Bringing private lenders back into the federal student loan program has been a staple of the Republican platform since the Obama administration kicked banks, credit unions and other financial firms out. The Education Department is now the sole originator of the federal loans. Talk of resurrecting the old bank-based model has reached a fever pitch since the GOP retook the White House, but a pair of new papers argue it is not a solution to problems with the loan program.
“People want to go back to this because they think it has something to offer over the current direct loan program. But if you look at their motivation, there is a lot of confusion and a lot of misinformation about how the program worked,”said Jason Delisle, a resident fellow at the American Enterprise Institute, a conservative think tank.
High default rates and complaints about servicing and debt collection have fueled criticism of the government’s dominant role in higher education finance. Opponents of direct federal lending say banks could do a better job, saving money and reducing risk for taxpayers. Delisle, in a paper released Wednesday, rebuts that view of the old model, known as the Federal Family Education Loan (FFEL) Program.
He argues that the $60 billion program was private in name only as it relied on government spending and operated under the government’s terms. The government guaranteed private student loans with federal subsidies, shielding lenders from the risk of default using taxpayer dollars. Lenders had no real discretion over the terms of the loans they made or who was eligible to receive them.

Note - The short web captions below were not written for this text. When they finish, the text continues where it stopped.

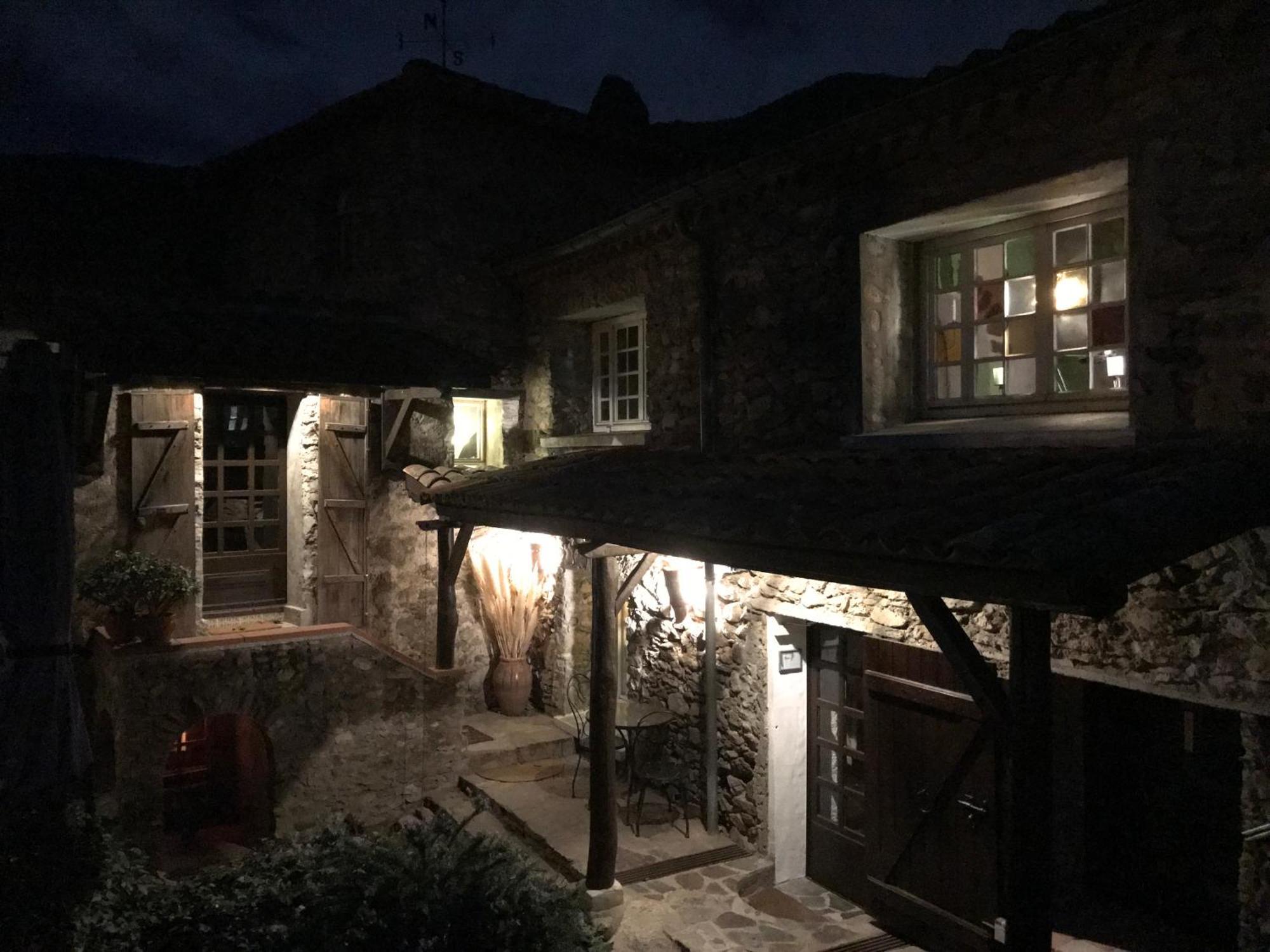 L'Abri La Vall Sorède Extérieur photo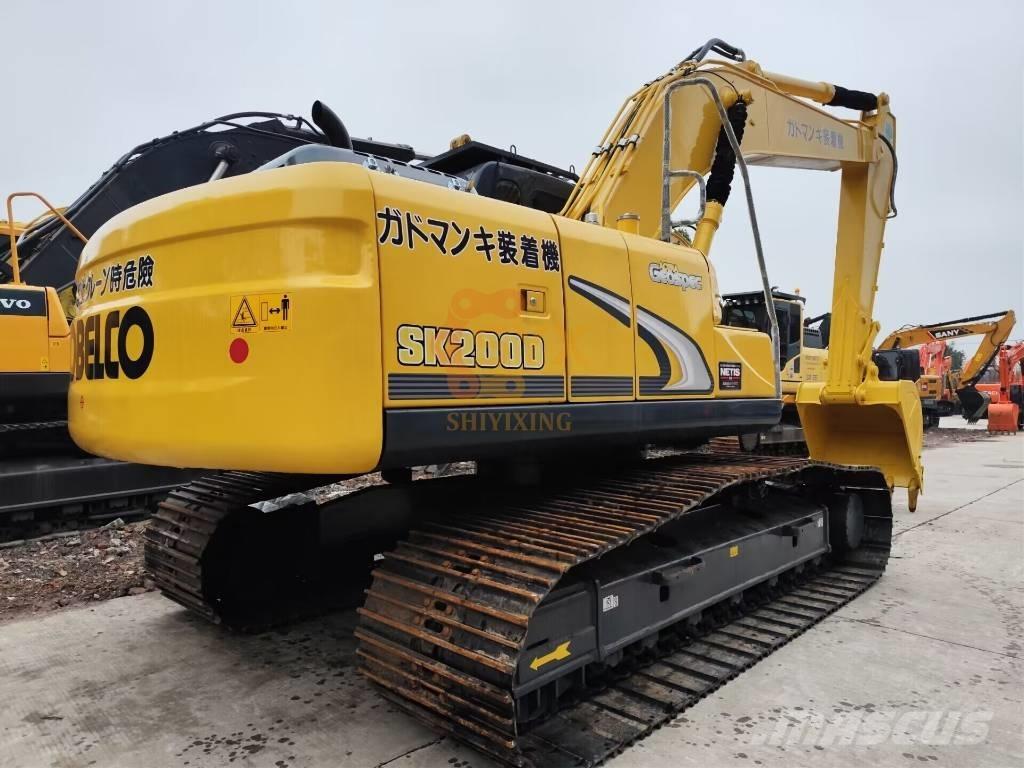 Kobelco SK 200 Гусеничные экскаваторы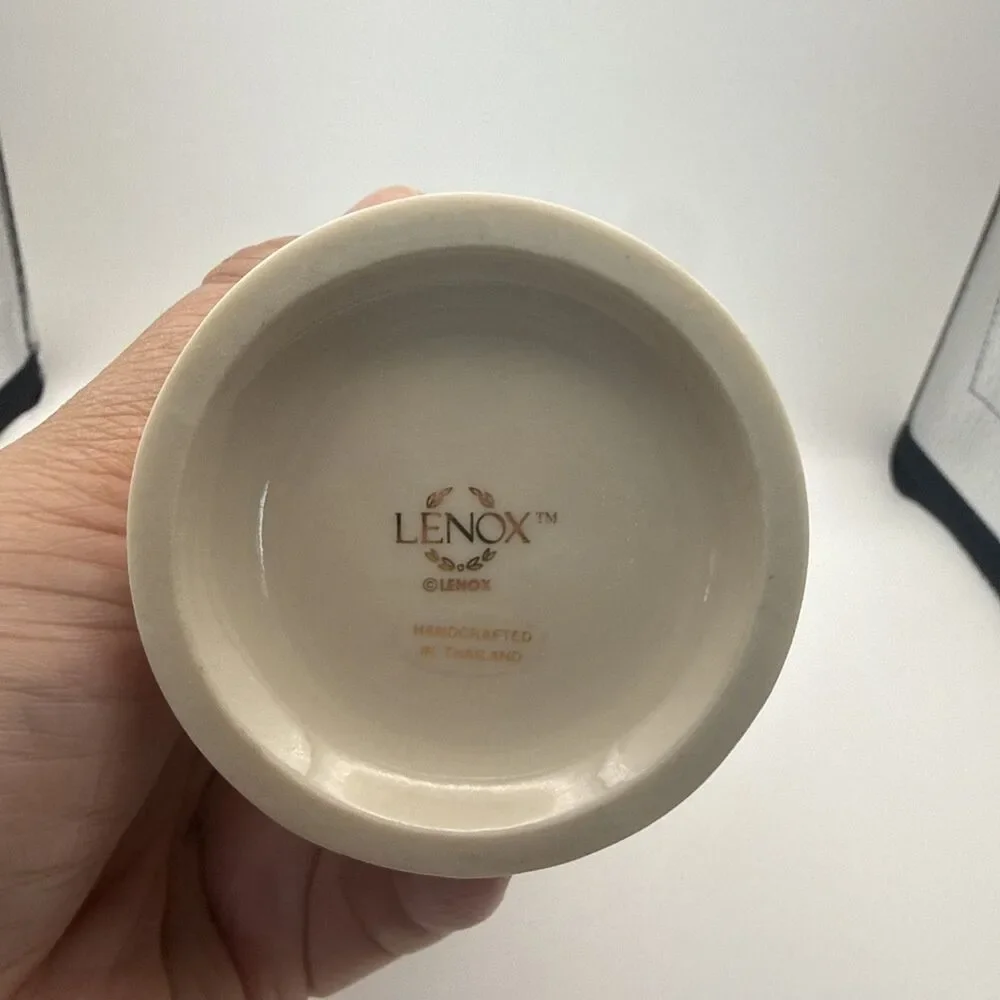 Lenox embossed rose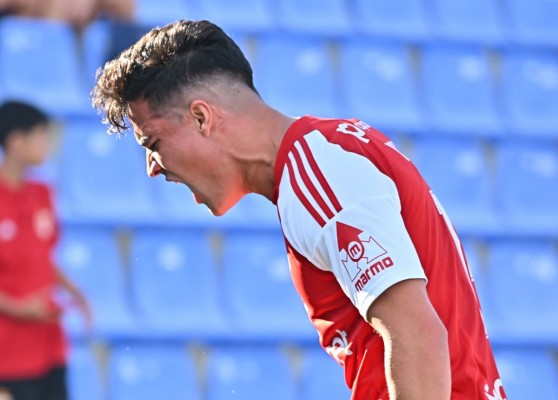 El Murcia, con un gol de Jorge Yriarte, vence al Intercity en el Rico Pérez y continúa siendo segundo en la Primera RFEF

Market forces didn’t determine how much money lenders made. Congress did. And that system was riddled with inefficiencies, the paper said. Using what’s known as fair-value accounting, Delisle estimates that for every $100 loaned under FFEL, taxpayers paid $20.20 to cover default losses. By comparison, taxpayers incur a $13.40 loss on direct government loans.
Proponents of reviving FFEL argue the government spends too much administering direct loans, far more than private lenders did under the old program. Any administrative cost savings in FFEL, though, are “rendered irrelevant” by compensating lenders at “arbitrarily high rates set in law,” Delisle wrote. He also noted that default rates were about the same under the old and current programs.
Subsidizing private lenders provided no real value to taxpayers, Delisle concluded, a position echoed by Tamara Hiler, a senior policy adviser for education at the centrist think tank Third Way. Hiler said there is no evidence that reinstating FFEL would do anything to reduce college costs or improve the borrowing experience for families.
“The previous administration’s efforts to simplify servicing are the types of thing [Education Secretary] Betsy DeVos could continue to implement. That’s where we could make things more efficient and really bring benefits to students in a way that reinstating FFEL wouldn’t,” Hiler said.
She said FFEL could expose students to “predatory practices” by private lenders, and create unnecessary confusion as they navigate the loan process. FFEL lenders, she noted, were sued by a group of state attorneys general for offering students $50 to refer friends or paying them bonuses of $1,000 for taking out new loans.
The role of private lenders in the federal program will be up for debate as Congress considers reauthorizing the Higher Education Act. Rep. Virginia Foxx (R-N.C.), chair of the House Committee on Education and the Workforce, has said banks should have a stake in the program. Her Senate counterpart has been silent on the issue, however.
Margaret Atkinson, a spokeswoman for Sen. Lamar Alexander (R-Tenn.), said the chairman of the Senate Committee on Health, Education, Labor and Pensions has not taken a position at this time.
“He will be carefully considering ideas to better operate the federal student loan program — which has been run poorly and is in need of reform,” she said. “In examining any proposal, Alexander will prioritize the best interests of students and taxpayers alike.”
Democratic lawmakers vehemently oppose banks and other private lenders originating federal student loans.
Sen. Patty Murray (Wash.), the ranking Democrat on the committee, said she would “strongly oppose any efforts to revive a program that did more to help big banks than it did to help students pursue higher education.” A Democratic aide on the House education committee said there is no need to expand the role of private actors in a federal program that already relies significantly on private contractors.
To be sure, Delisle believes banks should play a role in the student loan market. Rather than subsidize private lenders, he said the federal government should cede the parent and graduate loan business to them. Unlike undergraduate students, parent and graduate borrowers have had a chance to establish earnings and credit histories, making them good candidates for purely private loans, he wrote.
Wells Fargo, Citizens Bank and Discover Financial already offer graduate student loans, while Sallie Mae and Citizens have rolled out parent loan products without origination fees that the government charges.
“In an attempt to get at a policy that reduces the federal role in the student loan market, conservatives and Republicans have latched onto this guaranteed loan program as a way to do it, and it’s not,” Delisle said. “If you want to reduce the federal government’s role, the places to do that are graduate student loans and parent loans.”
Democrats say placing restrictions on parent loans could hurt low-income families with a slim chance of accessing credit in the private market. They also contend that private loans have weaker consumer protections and more rigid repayment terms than federal loans.
“It’s important to think about what the unintended consequences are for rolling that program back, and whether certain groups of students would be affected if those programs were not available,” Hiler said.